You think of a tie-dye t shirt, some dreadlocks maybe, and 100% someone that knows way too many conspiracy theories regarding why drugs are illegal and how drinking pints is actually more dangerous. However, while we tend to think of magic mushrooms mainly being a recreational psychedelic drug, it turns out they may have some serious benefits.
According the a new study into the therapeutic benefits of psychedelics, magic mushrooms could effectively "reset" the activity of the brain circuits known to play a key role in depression.
In a number of clinical trials across the last decade, psychedelics have shown promising results in terms of acting as a treatment for those suffering from depression and addiction. Imperial College London researchers used psilocybin - a compound that occurs in magic mushrooms naturally - to treat a number of patients who had been suffering from depression, monitoring their brain functions before and after taking the compound.

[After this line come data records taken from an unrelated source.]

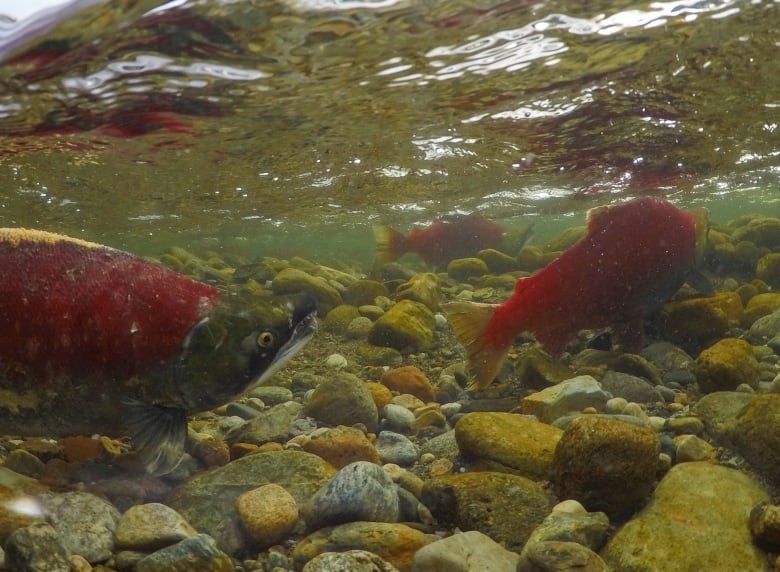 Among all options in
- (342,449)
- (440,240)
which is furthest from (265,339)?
(440,240)

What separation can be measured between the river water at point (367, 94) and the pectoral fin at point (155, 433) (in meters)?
3.65

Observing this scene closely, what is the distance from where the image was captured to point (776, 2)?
247 inches

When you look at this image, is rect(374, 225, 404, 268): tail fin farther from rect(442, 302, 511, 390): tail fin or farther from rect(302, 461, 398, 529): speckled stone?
rect(302, 461, 398, 529): speckled stone

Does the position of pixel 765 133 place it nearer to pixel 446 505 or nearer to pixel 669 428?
pixel 669 428

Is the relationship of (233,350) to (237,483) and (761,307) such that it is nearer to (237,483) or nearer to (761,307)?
(237,483)

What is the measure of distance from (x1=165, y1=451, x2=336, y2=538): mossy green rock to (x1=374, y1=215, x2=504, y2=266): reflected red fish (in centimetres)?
1239

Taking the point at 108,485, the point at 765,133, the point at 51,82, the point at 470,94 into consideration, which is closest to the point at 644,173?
the point at 765,133

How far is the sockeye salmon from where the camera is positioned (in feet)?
11.5

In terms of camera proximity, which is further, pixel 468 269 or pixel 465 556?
pixel 468 269

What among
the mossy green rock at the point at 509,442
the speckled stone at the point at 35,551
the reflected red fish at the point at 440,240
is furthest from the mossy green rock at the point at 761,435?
the reflected red fish at the point at 440,240

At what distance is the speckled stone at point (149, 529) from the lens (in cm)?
301

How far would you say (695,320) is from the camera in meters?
7.24

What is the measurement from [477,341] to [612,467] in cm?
273

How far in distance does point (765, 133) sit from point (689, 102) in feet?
17.6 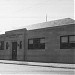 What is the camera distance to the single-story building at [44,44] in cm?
2688

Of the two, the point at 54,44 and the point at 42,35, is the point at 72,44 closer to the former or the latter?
the point at 54,44

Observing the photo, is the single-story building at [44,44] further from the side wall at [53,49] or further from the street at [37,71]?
the street at [37,71]

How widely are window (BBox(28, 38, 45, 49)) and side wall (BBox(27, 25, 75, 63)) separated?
1.68 ft

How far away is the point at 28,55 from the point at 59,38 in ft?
24.3

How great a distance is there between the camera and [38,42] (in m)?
31.3

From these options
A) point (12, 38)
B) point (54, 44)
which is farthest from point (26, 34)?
point (54, 44)

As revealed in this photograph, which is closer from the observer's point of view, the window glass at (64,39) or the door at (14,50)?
the window glass at (64,39)

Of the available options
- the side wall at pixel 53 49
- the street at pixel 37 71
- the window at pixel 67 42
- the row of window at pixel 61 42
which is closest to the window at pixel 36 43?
the row of window at pixel 61 42

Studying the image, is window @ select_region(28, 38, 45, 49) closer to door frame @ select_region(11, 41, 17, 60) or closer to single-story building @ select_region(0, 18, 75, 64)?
single-story building @ select_region(0, 18, 75, 64)

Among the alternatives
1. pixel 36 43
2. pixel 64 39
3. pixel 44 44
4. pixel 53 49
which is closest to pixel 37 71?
pixel 64 39

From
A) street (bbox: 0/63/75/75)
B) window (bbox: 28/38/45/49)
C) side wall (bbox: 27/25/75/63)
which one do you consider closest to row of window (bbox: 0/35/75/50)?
window (bbox: 28/38/45/49)

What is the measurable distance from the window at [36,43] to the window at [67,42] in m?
3.80

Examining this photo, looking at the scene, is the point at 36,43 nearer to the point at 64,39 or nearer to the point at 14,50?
the point at 64,39

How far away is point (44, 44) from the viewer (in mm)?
30234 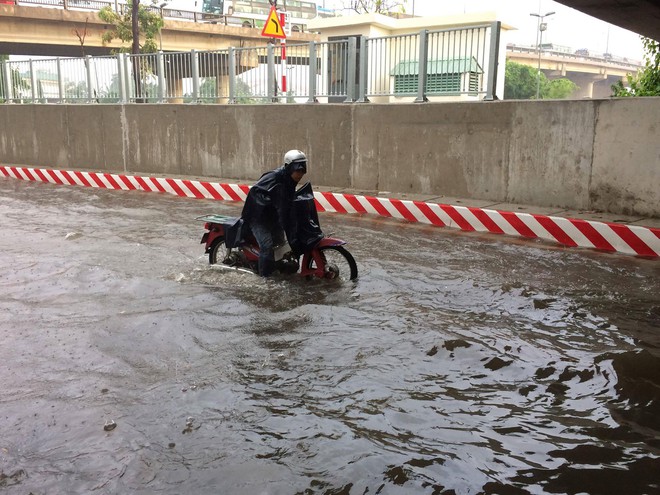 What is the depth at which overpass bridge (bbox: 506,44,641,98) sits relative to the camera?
67125 millimetres

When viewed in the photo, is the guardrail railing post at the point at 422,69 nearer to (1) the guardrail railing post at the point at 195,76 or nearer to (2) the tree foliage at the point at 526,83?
(1) the guardrail railing post at the point at 195,76

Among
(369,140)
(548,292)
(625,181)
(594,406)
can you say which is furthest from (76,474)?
(369,140)

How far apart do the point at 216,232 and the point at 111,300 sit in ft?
5.20

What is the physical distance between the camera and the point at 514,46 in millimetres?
69625

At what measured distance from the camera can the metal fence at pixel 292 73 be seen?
1213cm

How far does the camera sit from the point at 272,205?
6.95 m

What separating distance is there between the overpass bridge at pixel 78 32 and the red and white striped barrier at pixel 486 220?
22.3 meters

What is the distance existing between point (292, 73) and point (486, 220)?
6.91 m

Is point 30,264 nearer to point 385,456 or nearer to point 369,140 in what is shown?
point 385,456

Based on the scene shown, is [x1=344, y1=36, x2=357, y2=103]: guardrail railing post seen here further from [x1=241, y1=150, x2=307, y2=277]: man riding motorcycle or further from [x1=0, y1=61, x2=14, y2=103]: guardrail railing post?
[x1=0, y1=61, x2=14, y2=103]: guardrail railing post

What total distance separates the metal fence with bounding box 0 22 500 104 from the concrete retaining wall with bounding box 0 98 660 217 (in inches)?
15.8

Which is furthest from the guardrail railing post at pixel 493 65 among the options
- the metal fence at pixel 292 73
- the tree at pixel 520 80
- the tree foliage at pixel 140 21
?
the tree at pixel 520 80

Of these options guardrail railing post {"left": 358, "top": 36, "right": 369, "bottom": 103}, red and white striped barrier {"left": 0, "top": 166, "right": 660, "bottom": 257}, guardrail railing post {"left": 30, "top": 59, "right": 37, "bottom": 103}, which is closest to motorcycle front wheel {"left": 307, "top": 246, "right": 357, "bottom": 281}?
red and white striped barrier {"left": 0, "top": 166, "right": 660, "bottom": 257}

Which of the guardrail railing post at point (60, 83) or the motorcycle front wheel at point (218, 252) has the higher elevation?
the guardrail railing post at point (60, 83)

In the images produced of their brains during the experiment, there was evidence of activity that was associated with marked and lasting reductions in the depressive symptoms that participants were suffering from. Those who took place in the testing said that they felt the benefits of the trial for up to five weeks after treatment.
Dr Robin Carhart-Harris, head of psychedelic research at Imperial, who led the study, said: "We have shown for the first time clear changes in brain activity in depressed people treated with psilocybin after failing to respond to conventional treatments."
"Several of our patients described feeling ‘reset’ after the treatment and often used computer analogies. For example, one said he felt like his brain had been ‘defragged’ like a computer hard drive, and another said he felt ‘rebooted’.
"Psilocybin may be giving these individuals the temporary ‘kick start’ they need to break out of their depressive states and these imaging results do tentatively support a ‘reset’ analogy. Similar brain effects to these have been seen with electroconvulsive therapy."
Immediately after following the treatment, patients reported a decrease in their depressive symptoms, with them citing an improvement in their mood and stress relief.
MRI imaging of the brain revealed that there was reduced blood flow in areas of the brain, including the amygdala, a region known to be involved in the procession of emotional responses such as stress and fear.
The research isn't the first of its kind, last year two US studies showed that a single dose of psilocybin could lift anxiety and depression symptoms within cancer patients for six months or even longer.
The researchers from Imperial College acknowledge that the significance of their experiment is limited, citing reasons such as their small sample size and the absence of a placebo group for comparison. They also stress that patients shouldn't attempt to self-medicate, obviously.
Professor David Nutt, senior author of the paper and director of the neuropsychopharmacology unit in the division of brain sciences, said: "Larger studies are needed to see if this positive effect can be reproduced in more patients. But these initial findings are exciting and provide another treatment avenue to explore."
The authors now plan to test psilocybin against a leading antidepressant in a trial that is set to start early next year.
It's pretty interesting stuff it must be said. Although, if you are struggling from depression, I highly recommend you seek help before you start taking magic mushrooms.